MOSCOW (Reuters) - Libya is among the main backers of Russian aluminium giant UC RUSAL’s $2.2 billion stock float in Hong Kong , sources close to the listing said on Tuesday, as Tripoli looks further afield to invest its oil wealth.
Libya’s $65 billion sovereign wealth fund has bought a stake of around 1 percent in UC RUSAL, the sources said.
The two sides had agreed to explore construction of an energy and aluminium complex in Libya before the financial crisis hit in late 2008.
While Libya’s support for an IPO that was also heavily backed by the Russian state hints at growing ties between the two countries, the sources said the investment was in keeping with Libya’s recent advances abroad into European markets.

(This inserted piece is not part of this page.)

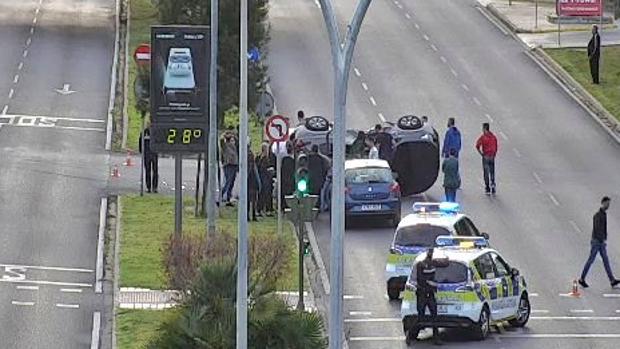 Una colisión frontal deja varios heridos frente a Fibes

“It’s a big IPO with a big quasi-political component,” one source close to the offering said, on condition of anonymity.
UC RUSAL shares are due to start trading on Wednesday after the world’s largest aluminium producer secured enough support for a listing crucial to its repayment of debts approaching $15 billion.

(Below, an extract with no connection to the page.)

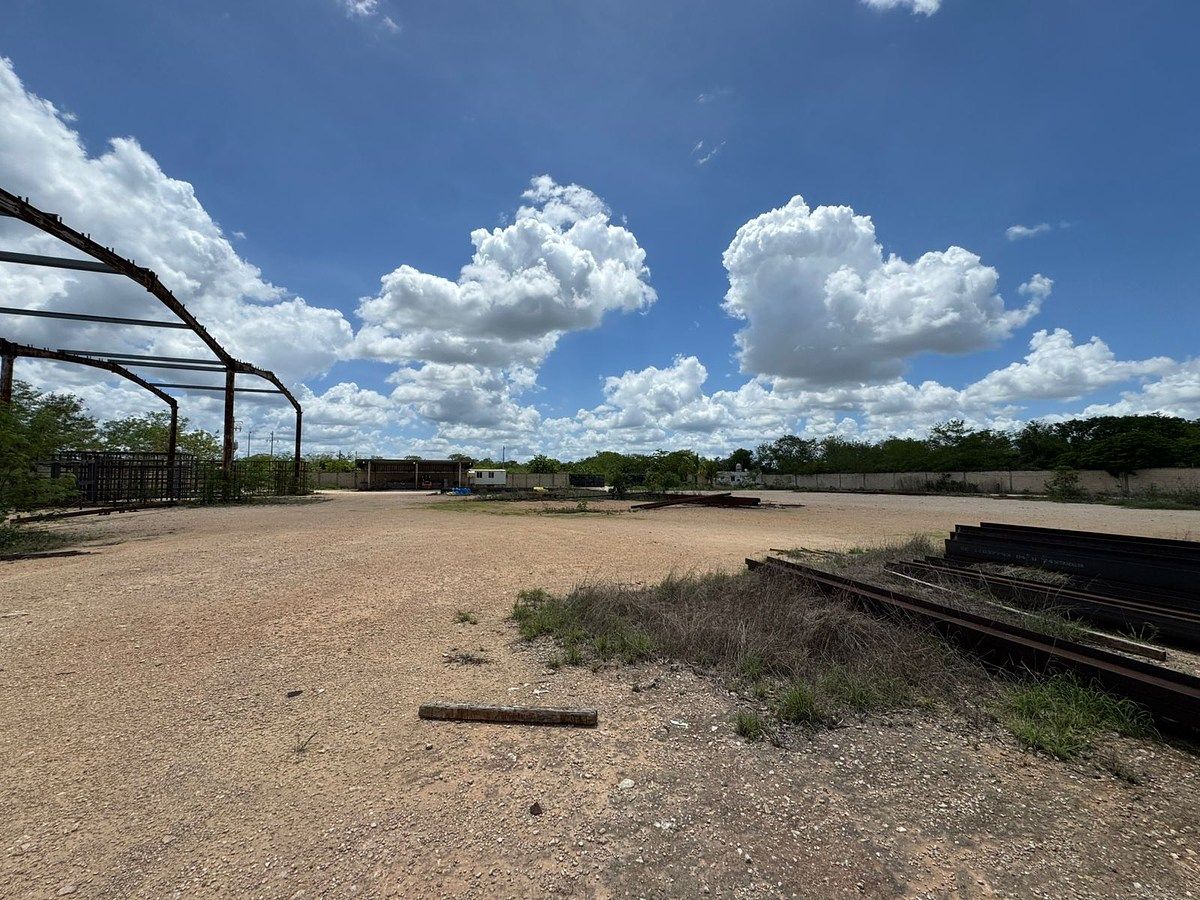 Terreno comercial en Dzununcán, Mérida, foto 11 de 12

The IPO was backed by Russian state bank VEB, which is buying a stake of over 3 percent, and cornerstone investors that include Nathaniel Rothschild’s company, U.S. hedge fund Paulson & Co and Malaysian-Chinese businessman Robert Kuok Hock Nien.
One source close to the offering said the Libyan Investment Authority invested $200 million in the UC RUSAL IPO, which would give it a stake of almost 1 percent. Business daily Vedomosti said the amount was $300 million, giving it a 1.4 percent share.

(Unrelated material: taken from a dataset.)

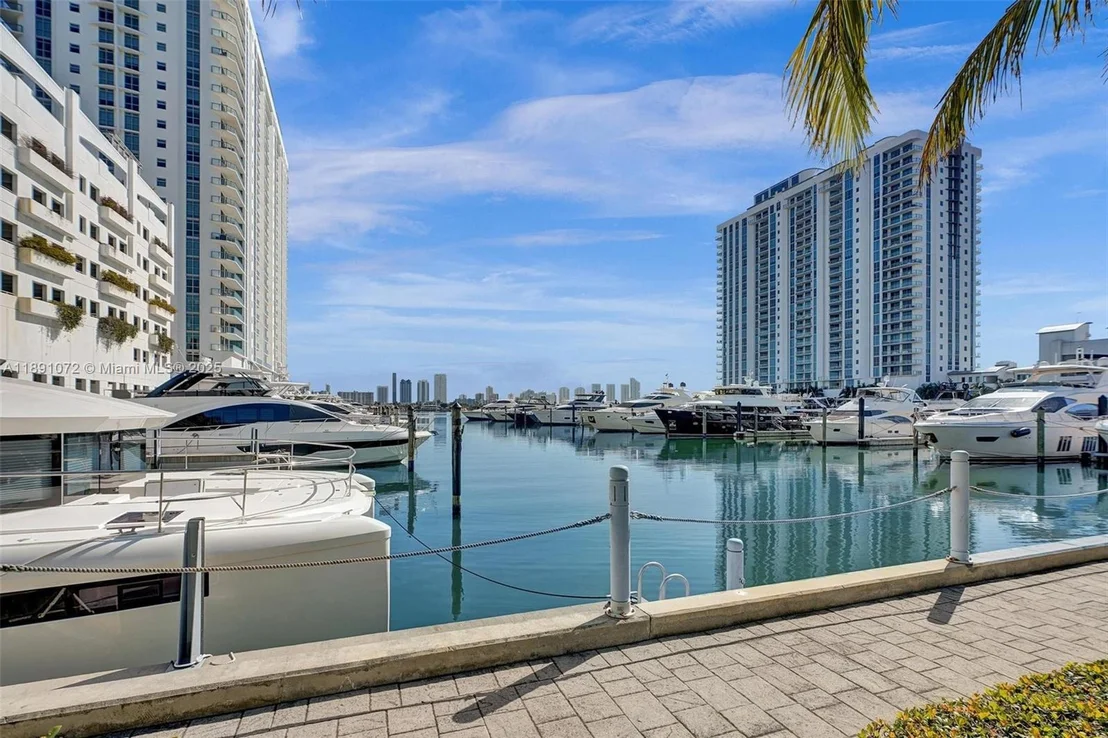 Photo of Unit 708 at 17301 Biscayne Blvd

Libya’s sovereign wealth fund, set up in 2006 to manage the country’s surplus oil revenues, is Africa’s biggest such fund and to date has invested mostly in European countries.
Its investments include stakes in Austrian firm Wienerberger, the world’s largest brick maker, and Italian bank UniCredit.
Libyan leader Muammar Gaddafi visited Moscow in October 2008 for the first time in 23 years, pitching his tent inside the Kremlin walls. Civilian nuclear projects were among the subjects discussed, officials said at the time.
Russian media reported three months later that the opening of a naval base in the Libyan port of Benghazi was also among the subjects discussed during Gaddafi’s visit to Moscow.
Major General Abu-Bakr Yunis Jabr, Libya’s defence minister, was flying into Moscow on Tuesday, officials in Libya’s Moscow embassy said, without giving details. Russian media said a $2 billion defence contract could be signed.
Analysts said, however, that this was not linked to RUSAL.
“There are no sanctions against Libya, so Russia would not have to resort to any complex schemes in order to sell arms,” said Moscow-based defence sector analyst Alexander Golts.
UC RUSAL and the Libyan Investment Authority have long been in contact. British daily The Times reported in September 2009 that RUSAL held talks on the possibility of selling a 10 percent stake, though ultimately no deal was done.
UC RUSAL also signed a memorandum of understanding in September 2008 to create a joint venture to build an “energy and metals complex” in the North African country.
UC RUSAL would have a 60 percent interest and the Libyan partner 40 percent in a venture to construct an aluminium smelter with annual capacity of 600,000 tonnes, the Russian company said in a statement issued at the time.
No progress on the project has since been reported. UC RUSAL declined to comment on the matter.
“RUSAL is putting every cent it can into Siberia and Guinea,” said the first source. “Libya does have cheap power, but it’s got no alumina. It’s not an obvious place for RUSAL.”